Problem requirements
Go through the listing below and output exactly the line with "Karinete hoje, amanhã e forever. bjs de luz.", the line with "俞兆林（YUZHAOLIN）中老年女裝加絨加厚唐裝婚宴棉襖奶奶冬裝喜慶棉衣老太太洋氣外套 FNQtvd72 富貴紅上衣（加絨）", and each line between; omit the rest.

┌─ Available data

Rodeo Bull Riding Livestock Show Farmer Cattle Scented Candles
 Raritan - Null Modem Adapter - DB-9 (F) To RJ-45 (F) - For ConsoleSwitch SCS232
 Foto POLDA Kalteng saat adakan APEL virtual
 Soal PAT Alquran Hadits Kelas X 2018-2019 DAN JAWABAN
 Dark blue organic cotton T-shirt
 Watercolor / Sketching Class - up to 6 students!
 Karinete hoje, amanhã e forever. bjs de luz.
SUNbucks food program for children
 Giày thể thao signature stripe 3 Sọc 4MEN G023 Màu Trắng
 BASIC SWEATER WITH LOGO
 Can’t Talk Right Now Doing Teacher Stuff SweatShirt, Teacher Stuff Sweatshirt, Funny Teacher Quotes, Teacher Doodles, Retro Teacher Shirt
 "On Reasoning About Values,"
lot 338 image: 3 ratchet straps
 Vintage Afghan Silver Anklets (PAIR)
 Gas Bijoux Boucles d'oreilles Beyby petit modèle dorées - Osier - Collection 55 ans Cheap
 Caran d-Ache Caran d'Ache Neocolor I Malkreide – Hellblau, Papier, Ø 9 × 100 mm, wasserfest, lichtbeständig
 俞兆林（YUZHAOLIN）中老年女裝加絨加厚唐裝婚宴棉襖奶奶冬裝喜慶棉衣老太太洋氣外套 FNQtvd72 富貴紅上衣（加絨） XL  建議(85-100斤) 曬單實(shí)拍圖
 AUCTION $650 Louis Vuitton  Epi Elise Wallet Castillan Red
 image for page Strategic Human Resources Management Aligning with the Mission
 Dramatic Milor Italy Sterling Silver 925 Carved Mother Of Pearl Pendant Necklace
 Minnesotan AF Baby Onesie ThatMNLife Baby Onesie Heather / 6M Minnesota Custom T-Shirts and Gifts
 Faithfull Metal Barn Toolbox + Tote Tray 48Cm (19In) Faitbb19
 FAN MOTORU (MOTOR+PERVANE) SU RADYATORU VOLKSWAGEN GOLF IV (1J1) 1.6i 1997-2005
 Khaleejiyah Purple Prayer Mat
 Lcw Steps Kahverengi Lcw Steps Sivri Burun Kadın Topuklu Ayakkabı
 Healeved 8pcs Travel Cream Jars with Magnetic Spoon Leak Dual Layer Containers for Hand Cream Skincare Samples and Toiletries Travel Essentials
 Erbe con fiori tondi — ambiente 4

└─

Exercise result
 Karinete hoje, amanhã e forever. bjs de luz.
SUNbucks food program for children
 Giày thể thao signature stripe 3 Sọc 4MEN G023 Màu Trắng
 BASIC SWEATER WITH LOGO
 Can’t Talk Right Now Doing Teacher Stuff SweatShirt, Teacher Stuff Sweatshirt, Funny Teacher Quotes, Teacher Doodles, Retro Teacher Shirt
 "On Reasoning About Values,"
lot 338 image: 3 ratchet straps
 Vintage Afghan Silver Anklets (PAIR)
 Gas Bijoux Boucles d'oreilles Beyby petit modèle dorées - Osier - Collection 55 ans Cheap
 Caran d-Ache Caran d'Ache Neocolor I Malkreide – Hellblau, Papier, Ø 9 × 100 mm, wasserfest, lichtbeständig
 俞兆林（YUZHAOLIN）中老年女裝加絨加厚唐裝婚宴棉襖奶奶冬裝喜慶棉衣老太太洋氣外套 FNQtvd72 富貴紅上衣（加絨） XL  建議(85-100斤) 曬單實(shí)拍圖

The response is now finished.